══ Data ══

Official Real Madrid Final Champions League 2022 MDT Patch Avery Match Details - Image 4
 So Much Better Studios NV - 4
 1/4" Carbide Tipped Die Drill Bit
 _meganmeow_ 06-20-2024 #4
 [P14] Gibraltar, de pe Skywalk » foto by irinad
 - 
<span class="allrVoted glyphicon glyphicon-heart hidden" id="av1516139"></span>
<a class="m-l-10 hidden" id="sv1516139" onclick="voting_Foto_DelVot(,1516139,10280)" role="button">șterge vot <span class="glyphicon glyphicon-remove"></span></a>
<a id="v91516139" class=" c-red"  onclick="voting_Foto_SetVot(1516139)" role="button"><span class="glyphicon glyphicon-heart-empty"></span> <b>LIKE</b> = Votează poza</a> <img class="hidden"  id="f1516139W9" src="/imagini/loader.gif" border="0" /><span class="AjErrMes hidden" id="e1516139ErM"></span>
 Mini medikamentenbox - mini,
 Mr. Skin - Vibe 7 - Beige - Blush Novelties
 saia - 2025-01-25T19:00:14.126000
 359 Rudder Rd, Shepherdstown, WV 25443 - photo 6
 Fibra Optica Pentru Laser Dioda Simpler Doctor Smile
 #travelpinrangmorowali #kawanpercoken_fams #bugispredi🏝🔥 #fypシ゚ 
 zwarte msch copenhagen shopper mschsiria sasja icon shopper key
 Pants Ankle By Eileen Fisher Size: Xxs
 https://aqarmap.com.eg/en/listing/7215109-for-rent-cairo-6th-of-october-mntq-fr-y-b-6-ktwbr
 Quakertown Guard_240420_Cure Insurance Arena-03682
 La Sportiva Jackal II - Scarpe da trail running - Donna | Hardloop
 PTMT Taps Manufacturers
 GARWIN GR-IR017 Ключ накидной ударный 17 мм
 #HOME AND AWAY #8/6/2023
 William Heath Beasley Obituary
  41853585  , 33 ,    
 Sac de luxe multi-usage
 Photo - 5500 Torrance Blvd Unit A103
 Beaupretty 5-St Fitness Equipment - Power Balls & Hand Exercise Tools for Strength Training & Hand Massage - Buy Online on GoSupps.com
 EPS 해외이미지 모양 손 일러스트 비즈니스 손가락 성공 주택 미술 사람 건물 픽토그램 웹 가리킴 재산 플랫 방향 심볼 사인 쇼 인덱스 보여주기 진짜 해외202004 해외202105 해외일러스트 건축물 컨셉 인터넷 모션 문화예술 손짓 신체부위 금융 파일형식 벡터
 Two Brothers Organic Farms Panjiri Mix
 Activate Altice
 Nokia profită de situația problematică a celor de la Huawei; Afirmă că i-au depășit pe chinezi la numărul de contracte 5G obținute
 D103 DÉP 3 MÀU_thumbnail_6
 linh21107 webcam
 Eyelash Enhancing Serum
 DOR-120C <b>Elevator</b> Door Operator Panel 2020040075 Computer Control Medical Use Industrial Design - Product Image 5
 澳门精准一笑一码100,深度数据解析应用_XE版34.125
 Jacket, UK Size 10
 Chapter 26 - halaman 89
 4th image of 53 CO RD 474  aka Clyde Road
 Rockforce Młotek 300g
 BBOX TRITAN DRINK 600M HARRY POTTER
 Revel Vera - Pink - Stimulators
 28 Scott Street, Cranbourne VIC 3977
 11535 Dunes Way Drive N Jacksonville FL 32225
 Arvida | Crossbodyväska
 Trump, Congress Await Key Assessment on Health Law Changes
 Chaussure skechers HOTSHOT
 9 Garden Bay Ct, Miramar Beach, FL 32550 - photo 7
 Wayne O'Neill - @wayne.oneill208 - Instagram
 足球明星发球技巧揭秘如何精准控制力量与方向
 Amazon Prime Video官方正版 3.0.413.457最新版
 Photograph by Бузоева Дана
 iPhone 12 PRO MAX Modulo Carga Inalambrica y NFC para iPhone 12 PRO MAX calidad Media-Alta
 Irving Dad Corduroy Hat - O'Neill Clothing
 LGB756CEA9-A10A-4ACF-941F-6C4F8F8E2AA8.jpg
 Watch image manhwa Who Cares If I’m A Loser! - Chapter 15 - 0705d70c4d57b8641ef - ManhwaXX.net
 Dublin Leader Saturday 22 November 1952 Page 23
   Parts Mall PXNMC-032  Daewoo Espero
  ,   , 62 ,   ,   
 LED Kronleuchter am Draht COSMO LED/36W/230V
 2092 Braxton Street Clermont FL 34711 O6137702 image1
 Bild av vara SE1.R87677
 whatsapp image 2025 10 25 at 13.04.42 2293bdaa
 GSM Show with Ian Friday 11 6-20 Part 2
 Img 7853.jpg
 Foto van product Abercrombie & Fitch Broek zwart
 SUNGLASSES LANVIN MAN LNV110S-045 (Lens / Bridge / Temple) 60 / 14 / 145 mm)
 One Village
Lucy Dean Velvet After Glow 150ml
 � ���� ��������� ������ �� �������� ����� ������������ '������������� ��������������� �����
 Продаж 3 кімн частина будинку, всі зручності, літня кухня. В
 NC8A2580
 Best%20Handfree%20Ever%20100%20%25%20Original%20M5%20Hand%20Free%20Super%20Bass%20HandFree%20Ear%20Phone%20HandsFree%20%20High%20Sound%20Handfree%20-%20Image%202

═══

Exercise ->
Could you copy each line above word for word?

Response for this exercise ->
Official Real Madrid Final Champions League 2022 MDT Patch Avery Match Details - Image 4
 So Much Better Studios NV - 4
 1/4" Carbide Tipped Die Drill Bit
 _meganmeow_ 06-20-2024 #4
 [P14] Gibraltar, de pe Skywalk » foto by irinad
 - 
<span class="allrVoted glyphicon glyphicon-heart hidden" id="av1516139"></span>
<a class="m-l-10 hidden" id="sv1516139" onclick="voting_Foto_DelVot(,1516139,10280)" role="button">șterge vot <span class="glyphicon glyphicon-remove"></span></a>
<a id="v91516139" class=" c-red"  onclick="voting_Foto_SetVot(1516139)" role="button"><span class="glyphicon glyphicon-heart-empty"></span> <b>LIKE</b> = Votează poza</a> <img class="hidden"  id="f1516139W9" src="/imagini/loader.gif" border="0" /><span class="AjErrMes hidden" id="e1516139ErM"></span>
 Mini medikamentenbox - mini,
 Mr. Skin - Vibe 7 - Beige - Blush Novelties
 saia - 2025-01-25T19:00:14.126000
 359 Rudder Rd, Shepherdstown, WV 25443 - photo 6
 Fibra Optica Pentru Laser Dioda Simpler Doctor Smile
 #travelpinrangmorowali #kawanpercoken_fams #bugispredi🏝🔥 #fypシ゚ 
 zwarte msch copenhagen shopper mschsiria sasja icon shopper key
 Pants Ankle By Eileen Fisher Size: Xxs
 https://aqarmap.com.eg/en/listing/7215109-for-rent-cairo-6th-of-october-mntq-fr-y-b-6-ktwbr
 Quakertown Guard_240420_Cure Insurance Arena-03682
 La Sportiva Jackal II - Scarpe da trail running - Donna | Hardloop
 PTMT Taps Manufacturers
 GARWIN GR-IR017 Ключ накидной ударный 17 мм
 #HOME AND AWAY #8/6/2023
 William Heath Beasley Obituary
  41853585  , 33 ,    
 Sac de luxe multi-usage
 Photo - 5500 Torrance Blvd Unit A103
 Beaupretty 5-St Fitness Equipment - Power Balls & Hand Exercise Tools for Strength Training & Hand Massage - Buy Online on GoSupps.com
 EPS 해외이미지 모양 손 일러스트 비즈니스 손가락 성공 주택 미술 사람 건물 픽토그램 웹 가리킴 재산 플랫 방향 심볼 사인 쇼 인덱스 보여주기 진짜 해외202004 해외202105 해외일러스트 건축물 컨셉 인터넷 모션 문화예술 손짓 신체부위 금융 파일형식 벡터
 Two Brothers Organic Farms Panjiri Mix
 Activate Altice
 Nokia profită de situația problematică a celor de la Huawei; Afirmă că i-au depășit pe chinezi la numărul de contracte 5G obținute
 D103 DÉP 3 MÀU_thumbnail_6
 linh21107 webcam
 Eyelash Enhancing Serum
 DOR-120C <b>Elevator</b> Door Operator Panel 2020040075 Computer Control Medical Use Industrial Design - Product Image 5
 澳门精准一笑一码100,深度数据解析应用_XE版34.125
 Jacket, UK Size 10
 Chapter 26 - halaman 89
 4th image of 53 CO RD 474  aka Clyde Road
 Rockforce Młotek 300g
 BBOX TRITAN DRINK 600M HARRY POTTER
 Revel Vera - Pink - Stimulators
 28 Scott Street, Cranbourne VIC 3977
 11535 Dunes Way Drive N Jacksonville FL 32225
 Arvida | Crossbodyväska
 Trump, Congress Await Key Assessment on Health Law Changes
 Chaussure skechers HOTSHOT
 9 Garden Bay Ct, Miramar Beach, FL 32550 - photo 7
 Wayne O'Neill - @wayne.oneill208 - Instagram
 足球明星发球技巧揭秘如何精准控制力量与方向
 Amazon Prime Video官方正版 3.0.413.457最新版
 Photograph by Бузоева Дана
 iPhone 12 PRO MAX Modulo Carga Inalambrica y NFC para iPhone 12 PRO MAX calidad Media-Alta
 Irving Dad Corduroy Hat - O'Neill Clothing
 LGB756CEA9-A10A-4ACF-941F-6C4F8F8E2AA8.jpg
 Watch image manhwa Who Cares If I’m A Loser! - Chapter 15 - 0705d70c4d57b8641ef - ManhwaXX.net
 Dublin Leader Saturday 22 November 1952 Page 23
   Parts Mall PXNMC-032  Daewoo Espero
  ,   , 62 ,   ,   
 LED Kronleuchter am Draht COSMO LED/36W/230V
 2092 Braxton Street Clermont FL 34711 O6137702 image1
 Bild av vara SE1.R87677
 whatsapp image 2025 10 25 at 13.04.42 2293bdaa
 GSM Show with Ian Friday 11 6-20 Part 2
 Img 7853.jpg
 Foto van product Abercrombie & Fitch Broek zwart
 SUNGLASSES LANVIN MAN LNV110S-045 (Lens / Bridge / Temple) 60 / 14 / 145 mm)
 One Village
Lucy Dean Velvet After Glow 150ml
 � ���� ��������� ������ �� �������� ����� ������������ '������������� ��������������� �����
 Продаж 3 кімн частина будинку, всі зручності, літня кухня. В
 NC8A2580
 Best%20Handfree%20Ever%20100%20%25%20Original%20M5%20Hand%20Free%20Super%20Bass%20HandFree%20Ear%20Phone%20HandsFree%20%20High%20Sound%20Handfree%20-%20Image%202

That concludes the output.